Prohibition was a Progressive Cause

Ken Burns, the director of many famous documentaries in the past three plus decades (his The Civil War famously drew the ire of Harry Jaffa in 1990), just recently had his three-part Prohibition run on PBS.  While I did not get to to see most of it, the few parts that I did see were good.  I think if I would have heard Burns' recent explanation on the similarities between the Tea Party and Prohibition advocates before I saw the little I did see, it might have colored my viewing a little differently.  Here is Burns on Adam Carolla's podcast:

The real connection about Prohibition, to me the thing that there’s nothing new under the sun, is that this is the story about right-wing, single issue campaigns that metastasize. This is the story about the demonization of immigrants. This is the story about state and local governments complaining about unfunded mandates. This is the story about smear campaigns against Democrats… It’s like a Tea Party thing.
 But, as Christian Schnieder points out at National Review Online, the main advocates of national prohibition were Progressives.  Here is Christian giving some historical background:

Of course, it’s exactly nothing like a Tea Party thing. Following the turn of the century, it was Progressives that pushed for Prohibition, believing they were looking out for the working people of America.
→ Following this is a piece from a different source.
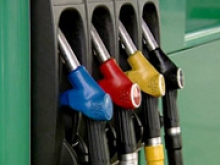 Небывалый рост: в России за месяц оптовые цены на бензин выросли на 30%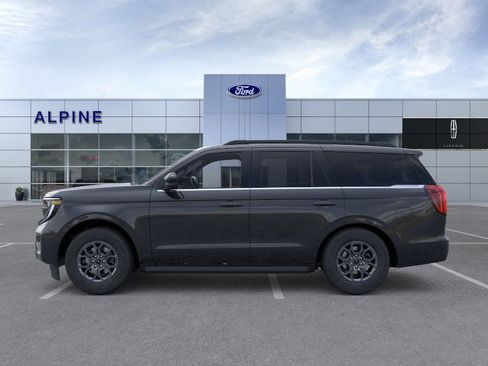 New 2026 Ford Expedition Active image 3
The Left also believed banning liquor would help the plight of immigrants — without actually checking with those very immigrants, many of whom enjoyed drinking heavily. Prohibition was also supported by the Klu Klux Klan, who backed former secretary of the treasury William Gibbs McAdoo for the 1924 Democratic presidential nomination against Prohibition opponent Al Smith, governor of New York.
It seems typical to link the enactment of prohibition to a bunch of over-zealous Christians who just want to force their wacky views on everyone else.  But that's not the whole story. 

Prohibition was a progressive cause after the turn of the century.  It is important to delve a little into the political theory behind Progressivism so that a larger connection can be seen.  A dominant strain in Progressivism features the growth of the state and bureaucracy at the loss of the consent of the governed.  The general will replaces enlightened consent as the engine of our politics.  It was the job of politicians to take that will and implement it in light of changing tides of History.  What seems like more democracy is actually just the reverse; that's why the Founders did not establish a democracy but a republic.  Cooler heads did prevail and the 21st Amendment to the Constitution repealed Prohibition in 1933.